**Your assignment:**
Every line of the data below is to be duplicated exactly, pictures excepted.

**Source data:**
---*---

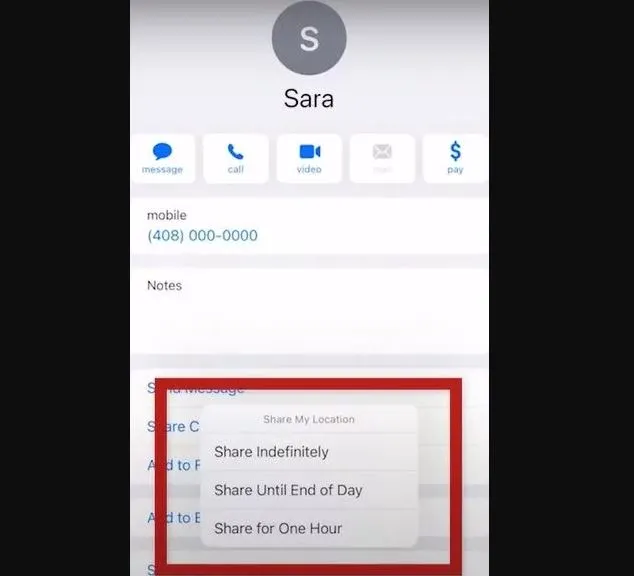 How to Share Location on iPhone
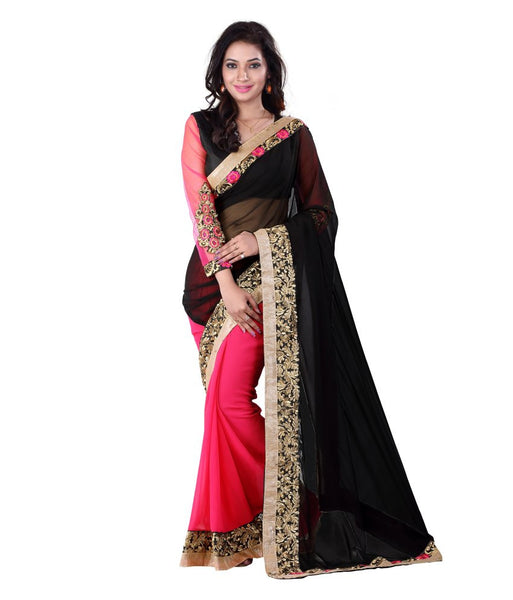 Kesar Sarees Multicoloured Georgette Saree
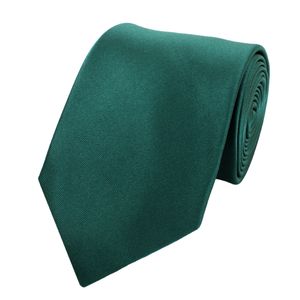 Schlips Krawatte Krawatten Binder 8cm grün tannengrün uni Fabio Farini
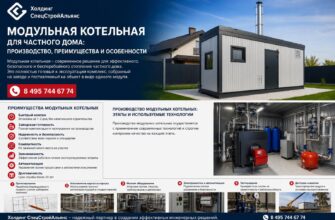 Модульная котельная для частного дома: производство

---*---

**Response to the task:**
 How to Share Location on iPhone
 Kesar Sarees Multicoloured Georgette Saree
 Schlips Krawatte Krawatten Binder 8cm grün tannengrün uni Fabio Farini
 Модульная котельная для частного дома: производство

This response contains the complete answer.